What the task asks = When writing out the listing below, reproduce every word exactly and skip the pictures.

Material provided =
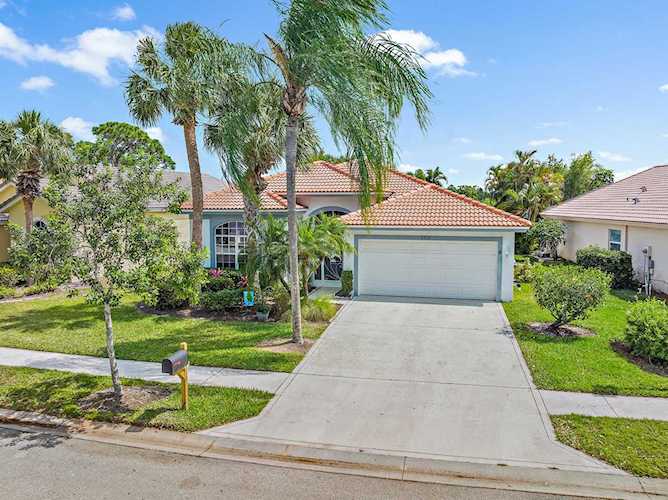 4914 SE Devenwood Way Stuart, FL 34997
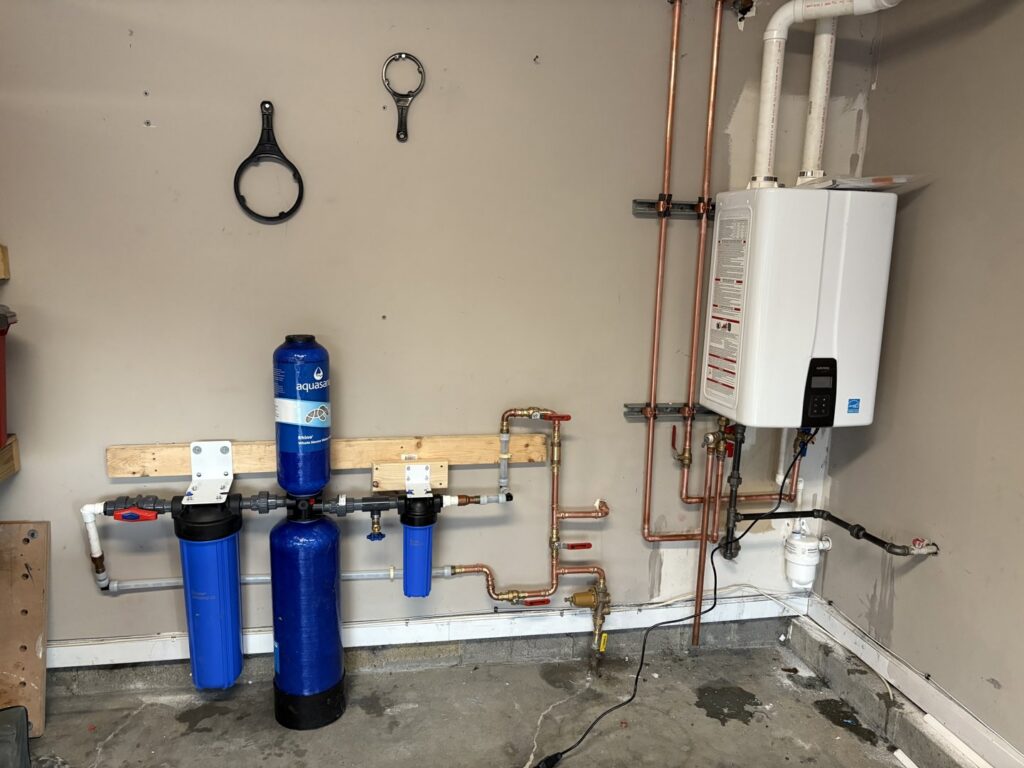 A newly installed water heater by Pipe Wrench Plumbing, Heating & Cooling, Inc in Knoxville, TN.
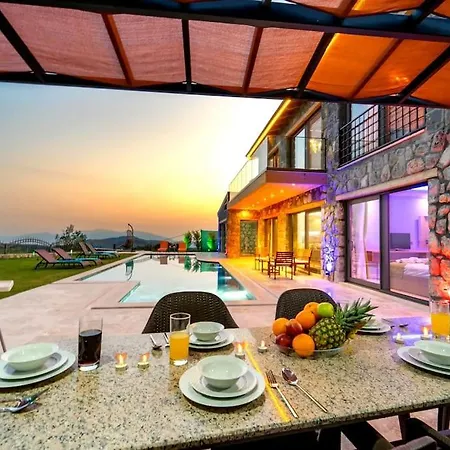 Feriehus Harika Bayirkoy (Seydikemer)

Response box =
 4914 SE Devenwood Way Stuart, FL 34997
 A newly installed water heater by Pipe Wrench Plumbing, Heating & Cooling, Inc in Knoxville, TN.
 Feriehus Harika Bayirkoy (Seydikemer)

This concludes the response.